Book Synopsis Gentlemen Bootleggers by : Bryce Bauer
Download or read book Gentlemen Bootleggers written by Bryce Bauer and published by Chicago Review Press. This book was released on 2014-07-01 with total page 292 pages. Available in PDF, EPUB and Kindle. Book excerpt: During Prohibition, while Al Capone was rising to worldwide prominence as Public Enemy Number One, the townspeople of Templeton, Iowa—population just 418—were busy with a bootlegging empire of their own. Led by the whip-smart and gregarious Joe Irlbeck, an outfit of farmers, small merchants, and even the church Monsignor together created a whiskey so excellent it was ordered by name: “Templeton rye.” However, a prohibition agent from the adjacent county named Benjamin Franklin Wilson was ardent in his fight against alcohol, and he chased Irlbeck for over a decade. But Irlbeck was not Capone, and Templeton would not be ruled by violence like Chicago. Gentlemen Bootleggers tells a never-before-told tale of ingenuity, bootstrapping, and perseverance, showcasing a group of criminals who embraced the American ideals of self-reliance, dynamism, and democratic justice.
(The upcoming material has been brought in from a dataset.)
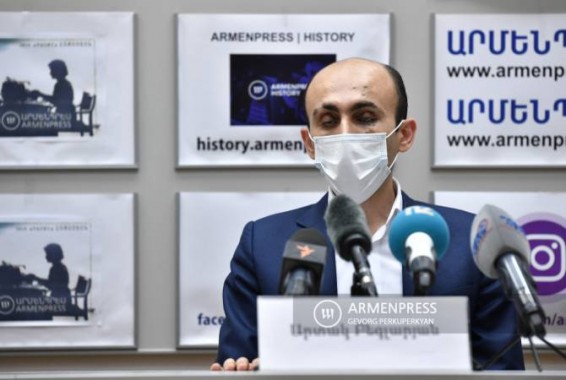 Հայաստանի ցանկացած պաշտոնյա ազատ է Արցախ այցելելու. Արտակ Բեգլարյան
It relies on previously classified Prohibition Bureau investigation files, federal court case files, extensive newspaper archive research, and a recently disclosed interview with kingpin Joe Irlbeck. Unlike other Prohibition-era tales of big-city gangsters, it provides an important reminder that bootlegging wasn’t only about glory and riches, but could be in the service of a higher goal: producing the best whiskey money could buy. Bryce T. Bauer is a Hearst Award-winning journalist who has written for Saveur, the Daily Iowan, the Cedar Rapids Gazette, and other publications. He is coproducing and cowriting West Iowa Whiskey Cookers, a documentary on Prohibition-era bootlegging. He lives in New York City.